§ Problem to solve
Give the data below again exactly as written, without its pictures.

§ Source data
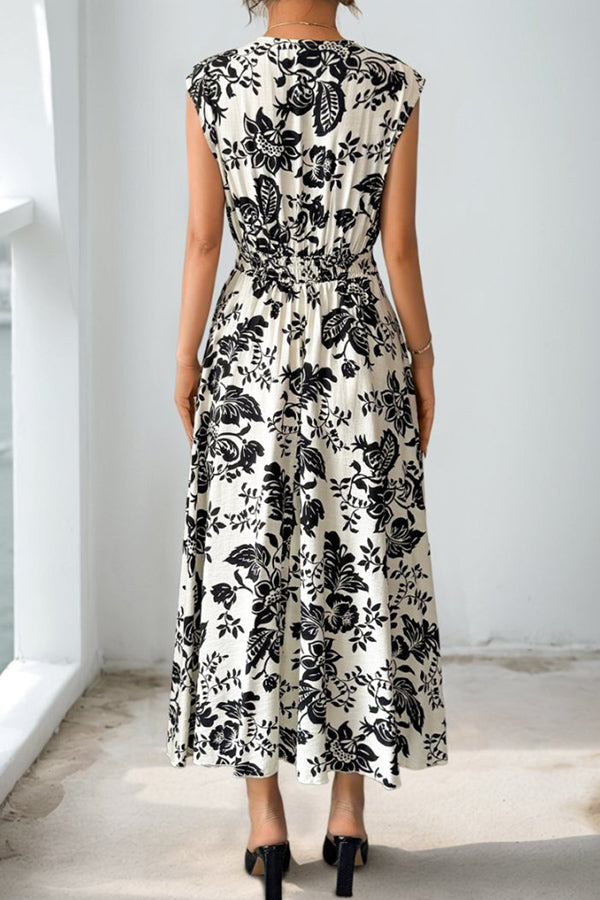 Fashion Print V Neck Maxi Dress
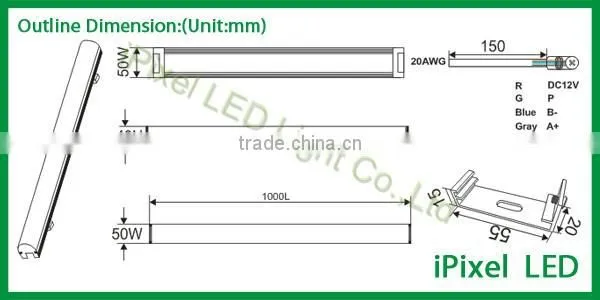 48 leds DMX control led tube hoursing by milky pc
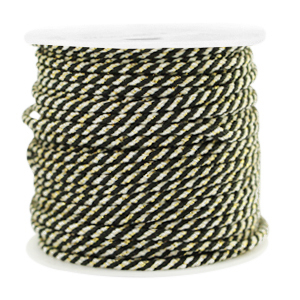 Hilo macram&eacute; espiral 1.5mm Dorado-negro blanco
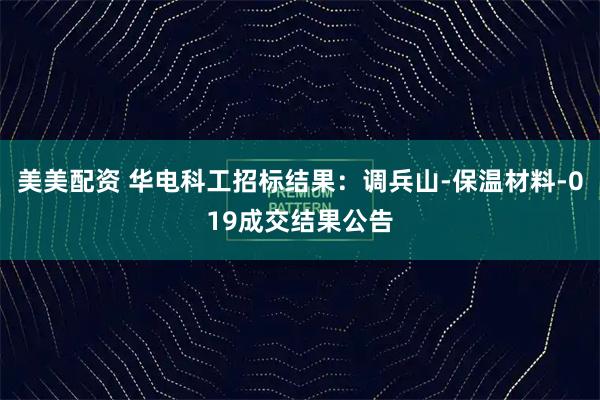 美美配资 华电科工招标结果：调兵山-保温材料-019成交结果公告
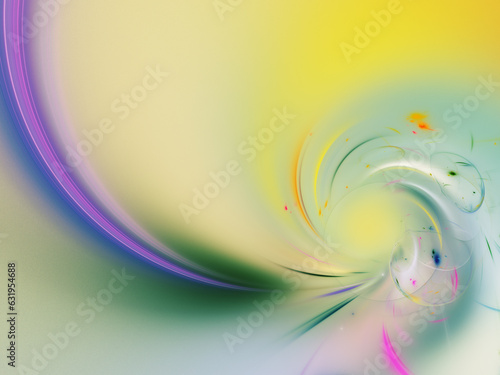 Wallpaper Mural purple and green abstract fractal background 3d rendering illustration Torontodigital.ca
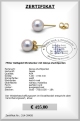 Akoyaperlen Ohrstecker | Perfekt Rund 7,0 - 7,5 mm AAA Qualitt | Ohrstecker Gold 750er - 18K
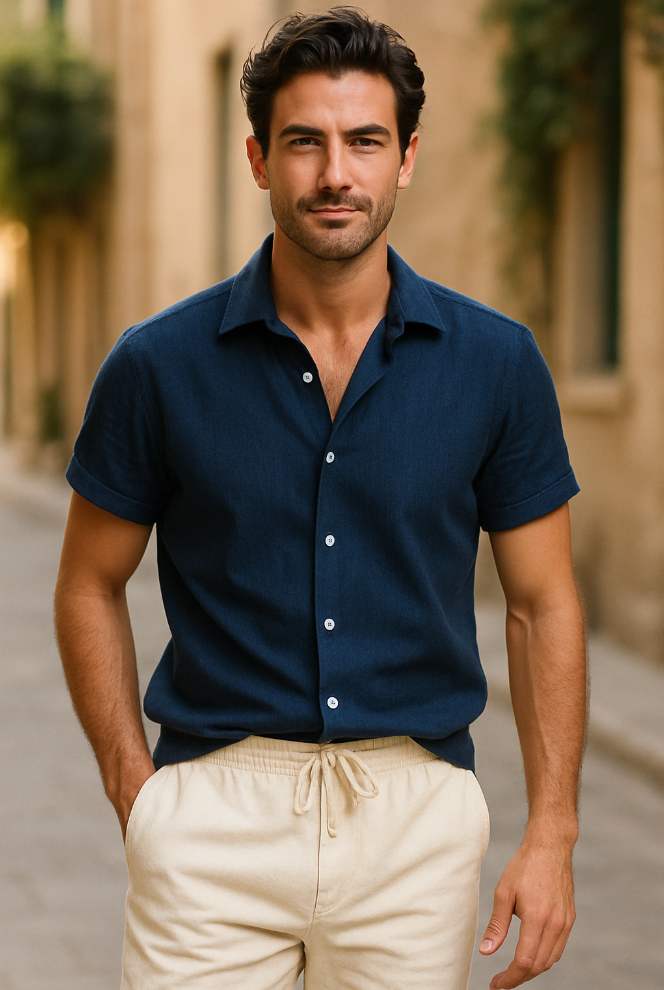 Amalfi | Men's Linen Shirt and Drawstring Pants Outfit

§ Exercise solution
 Fashion Print V Neck Maxi Dress
 48 leds DMX control led tube hoursing by milky pc
 Hilo macram&eacute; espiral 1.5mm Dorado-negro blanco
 美美配资 华电科工招标结果：调兵山-保温材料-019成交结果公告
 Wallpaper Mural purple and green abstract fractal background 3d rendering illustration Torontodigital.ca
 Akoyaperlen Ohrstecker | Perfekt Rund 7,0 - 7,5 mm AAA Qualitt | Ohrstecker Gold 750er - 18K
 Amalfi | Men's Linen Shirt and Drawstring Pants Outfit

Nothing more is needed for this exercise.